Exercise :: Return nothing but the lines from the one with "Amazon.co.jp: Z-EDGE UG30" through the one with "Pink White Star Graffiti Baseball Jersey 8" in the data below, word for word and without pictures.

---

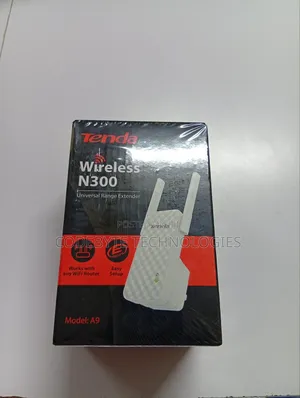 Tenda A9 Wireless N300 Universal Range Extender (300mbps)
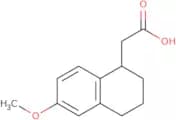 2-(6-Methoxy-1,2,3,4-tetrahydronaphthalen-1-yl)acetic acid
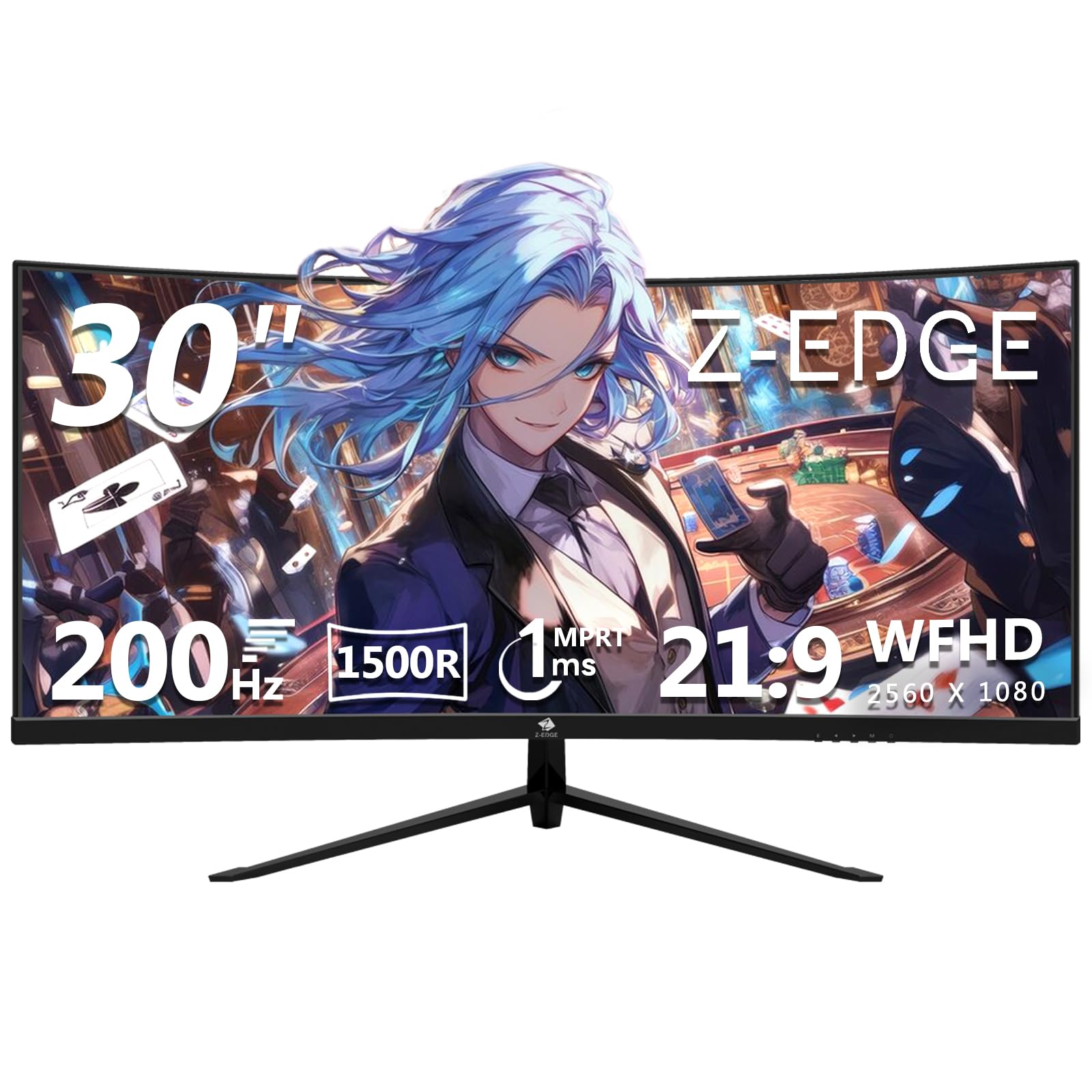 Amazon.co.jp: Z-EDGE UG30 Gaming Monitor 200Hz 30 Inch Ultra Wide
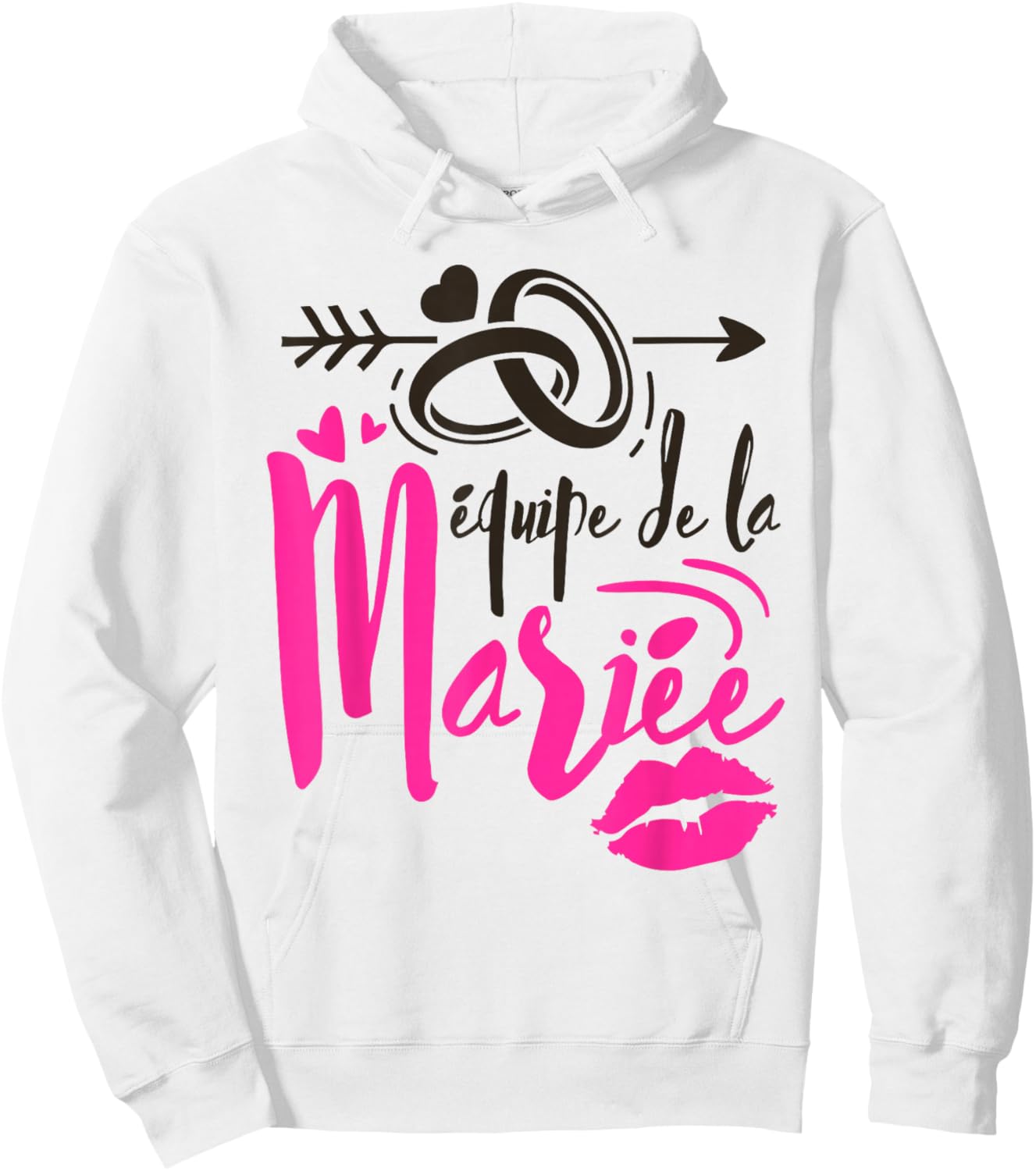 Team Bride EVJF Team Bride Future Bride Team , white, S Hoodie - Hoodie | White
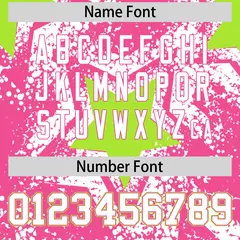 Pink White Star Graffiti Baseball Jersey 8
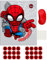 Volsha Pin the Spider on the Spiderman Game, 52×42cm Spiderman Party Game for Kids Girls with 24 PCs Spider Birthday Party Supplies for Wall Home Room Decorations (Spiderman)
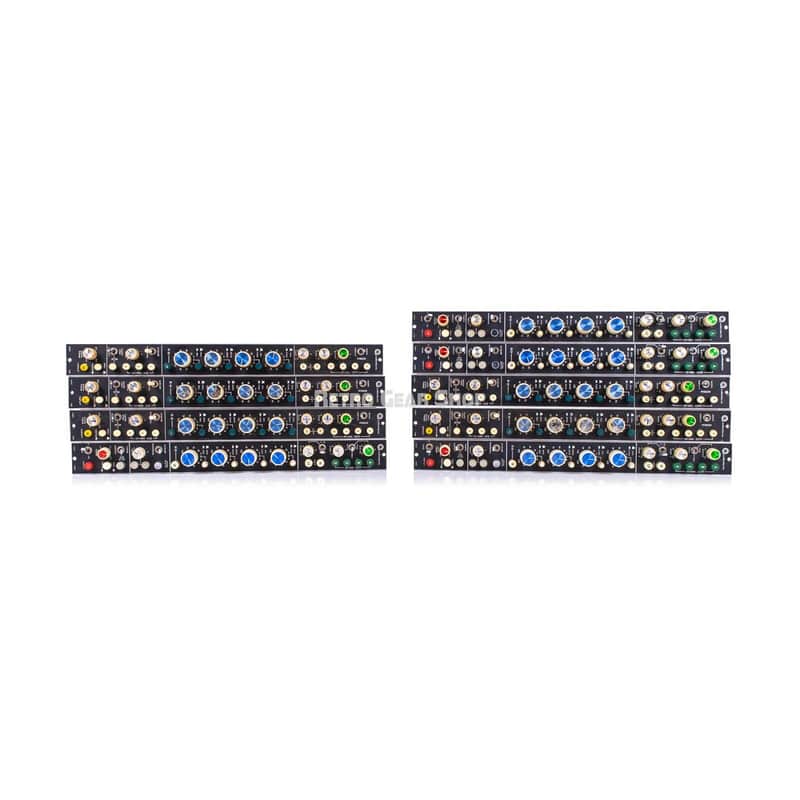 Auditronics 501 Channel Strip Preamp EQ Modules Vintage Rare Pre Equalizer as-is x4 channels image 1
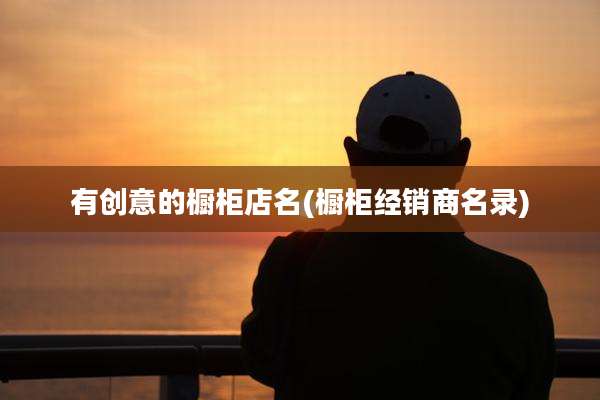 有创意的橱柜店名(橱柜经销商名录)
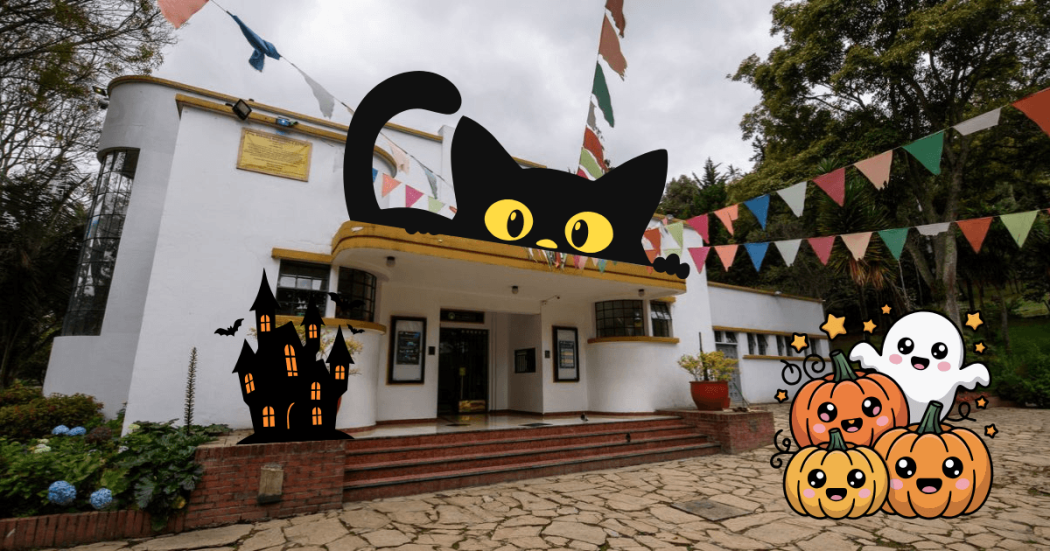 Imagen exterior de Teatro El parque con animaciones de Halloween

---

Output ::
 Amazon.co.jp: Z-EDGE UG30 Gaming Monitor 200Hz 30 Inch Ultra Wide
 Team Bride EVJF Team Bride Future Bride Team , white, S Hoodie - Hoodie | White
 Pink White Star Graffiti Baseball Jersey 8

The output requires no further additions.